Consensus messaging 97% of climate scientists agree that climate change is happening and is largely caused by humans. Successfully communicating this consensus message has positive downstream influences on climate-friendly attitudes, beliefs and behaviours.
Embedding climate-friendly actions in social practice Positive action is more likely if these actions are embedded in a network of social practices, so that it becomes part of the flow of one’s day and part of one’s social life.

Will this make a difference? That remains to be seen, but we have been waiting for (too) many decades already, as the authors clarify in their conclusions:

“The first scientific article to draw connections between fossil fuel combustion and climate change dates back more than 120 years and it has been over 30 years since George Bush Senior said: ‘Those who think we are powerless to do anything about the greenhouse effect forget about the “White House effect”; as President, I intend to do something about it.’ However, neither scientific knowledge nor political rhetoric has thus far resulted in global commitments that are sufficient to address the climate crisis.”

Summary from New Research

Hornsey & Lewandowsky (2022) produce a comprehensive snapshot of modes of cognitive failure (accidental and inflicted) affecting our halting progress toward solving our climate blunder. The authors don’t stop there, but also offer a collection of “interventions for reducing damage,” tools given sharp edges by research. There’s a hard lesson embedded therein for the climate communications community, one that ought to be intutively obvious: barging into a community with a lot of extraneous political baggage irrelevant to immediate purpose proudly on display is counterproductive, destructive to progress. Any of us with a cranky uncle knows: a single trigger word can end rational behavior.
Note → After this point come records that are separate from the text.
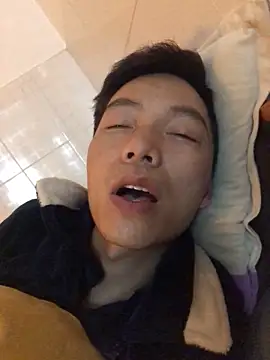 Snapshot of xhqds chatting on 02/21/25, 06:15 xhqds online show from 02/21/25, 06:15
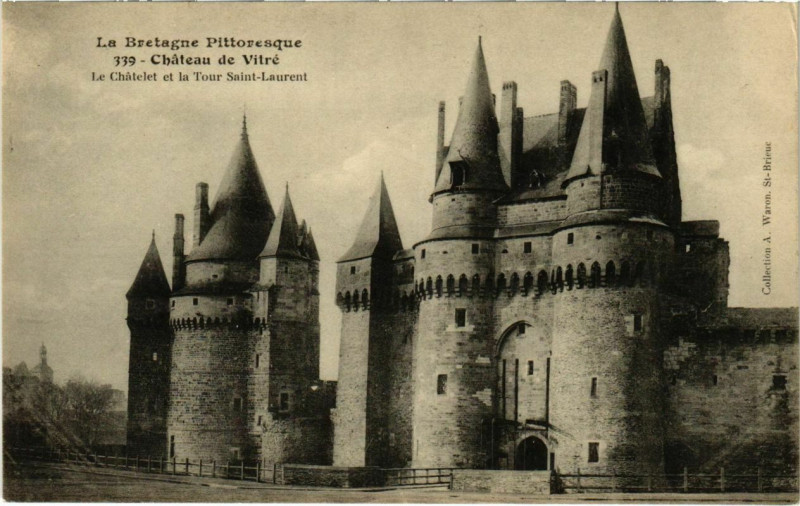 Carte postale ancienne Vitre Le Chatelet et la Tour St.LAurent France à Vitré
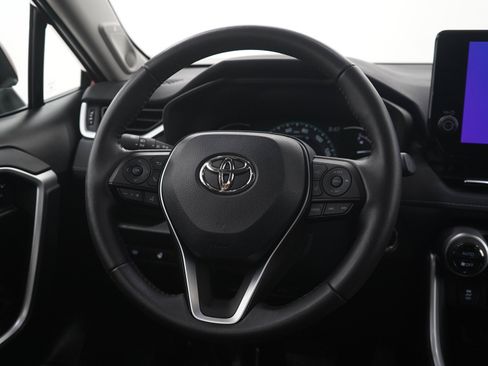 Used 2025 Toyota RAV4 XLE Premium w/ Weather Package AWD/4WD image 17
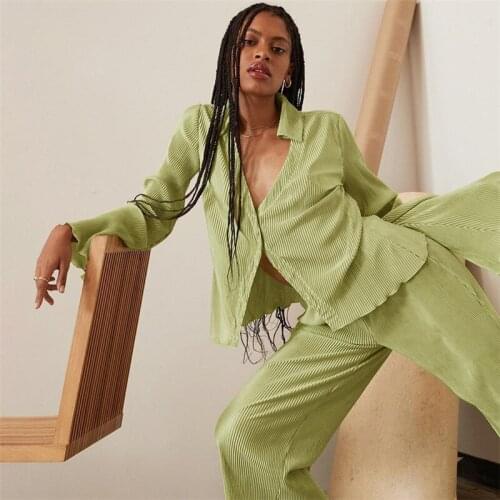 Vintage Green Pleated Shirts Fashion 2021 Spring Pajama Sets Women Clothing Blouse V-Neck Tops Ladies Loose Shirts Flare Sleeve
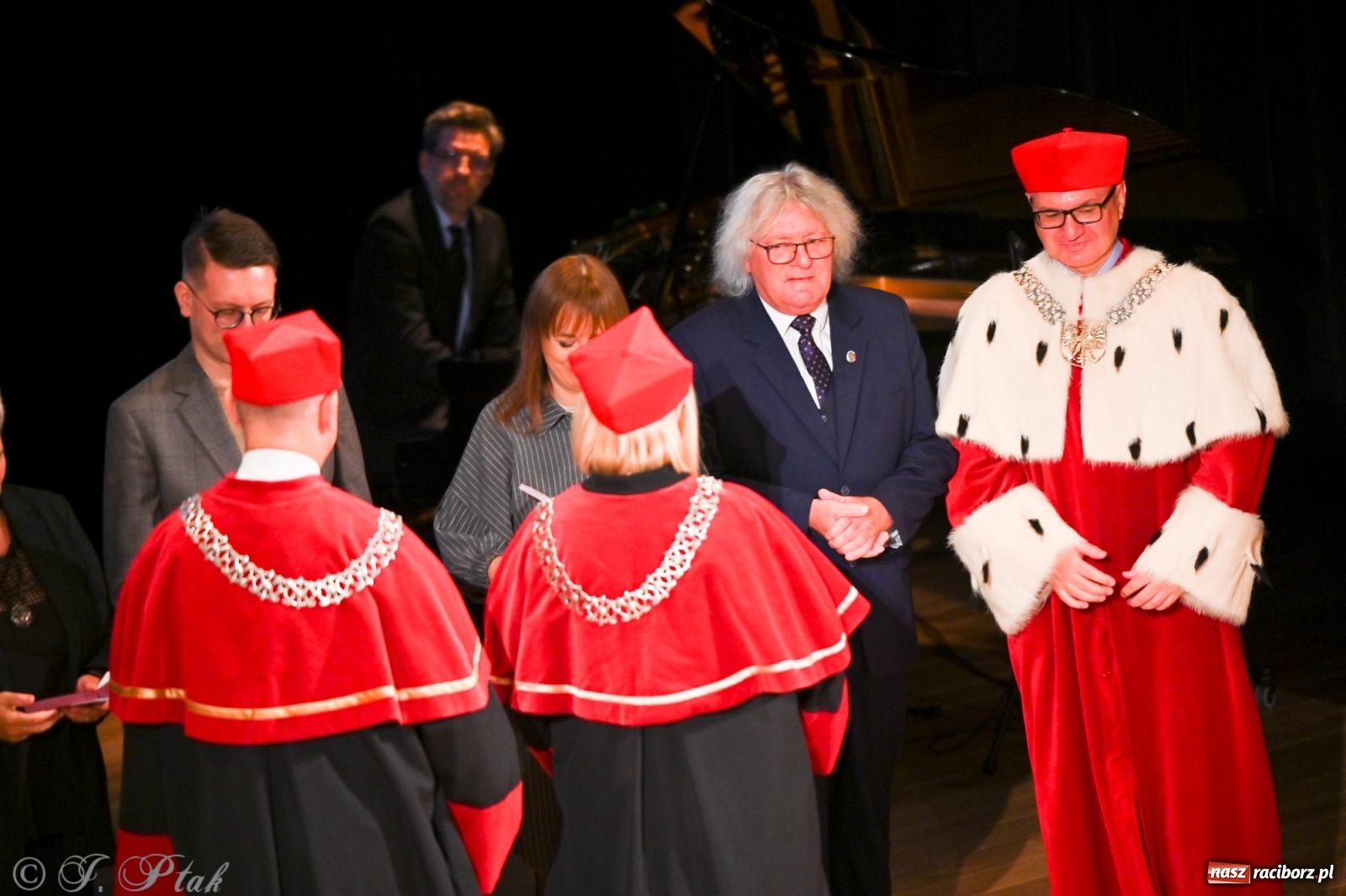 Zdjęcie w galerii na portalu naszraciborz.pl: Edukacja – najpotężniejsza broń do zmiany świata. Gaudeamus igitur w raciborskiej Akademii Nauk Stosowanych wiadomości z regionu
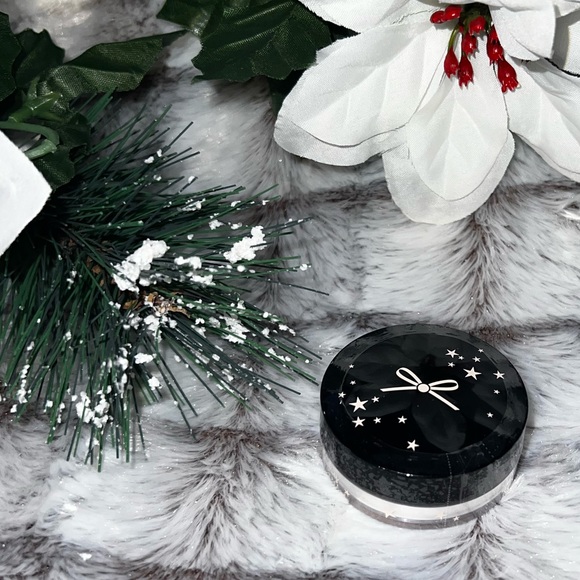 Ciaté London Extraordinary Translucent Setting Powder 5g - Picture 3 of 7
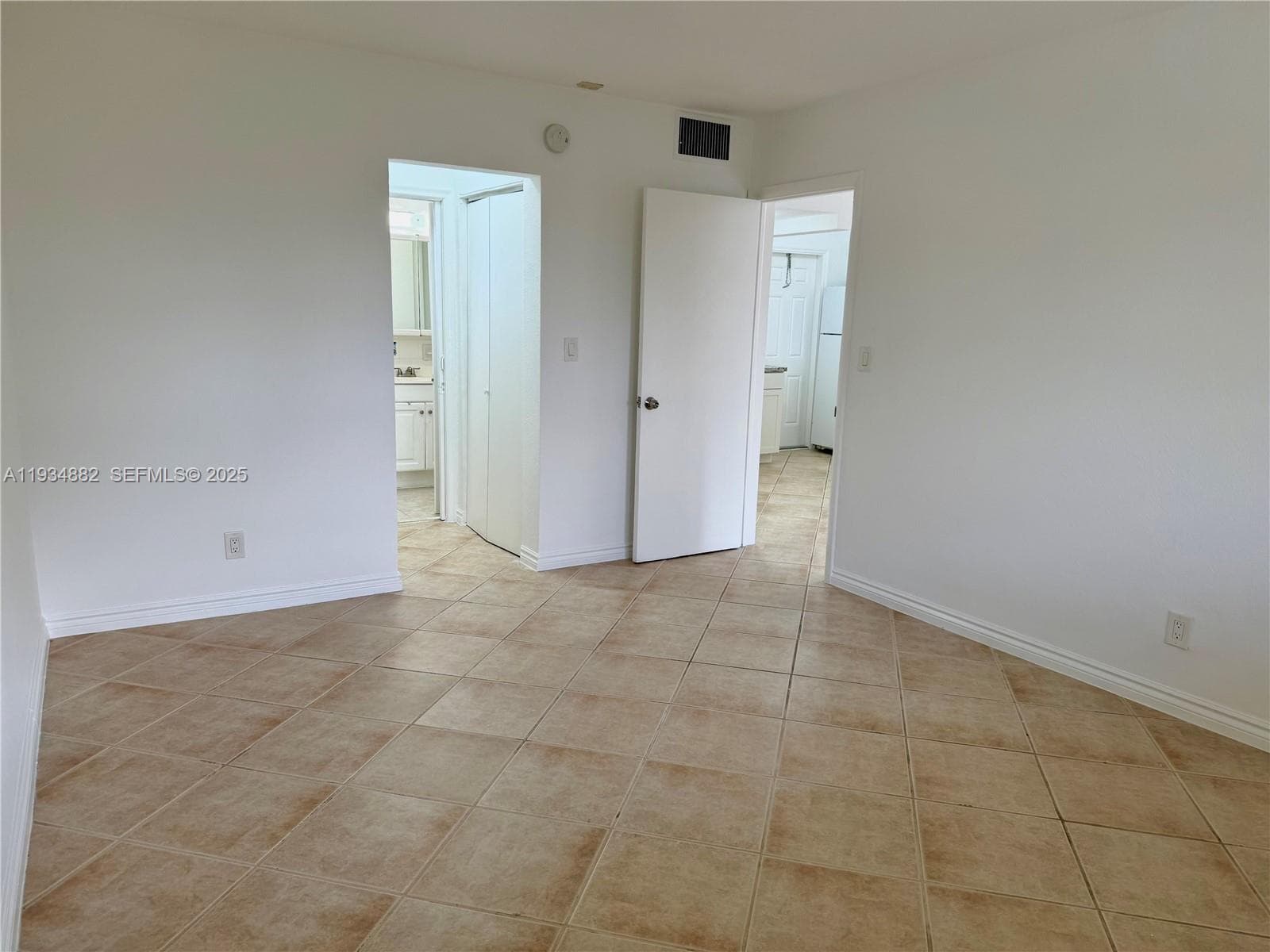 BISC LAKE GARDENS CONDO N · #D334 in Aventura - Photo 10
The authors put it more tactfully: “sceptics will be more influenced by messengers that share salient identities with them: rural people will be more influenced by rural messengers, conservatives will be more influenced by conservatives, and so forth. This is a challenging message for many climate activists because it underscores how their identification as green or left can be enough to render their voices impotent when it comes to influencing sceptics.” [bold ours]  As a review article A toolkit for understanding and addressing climate scepticism is a fast and complete spin-up for people new to this game, and very probably a worthwhle refresher for old hands.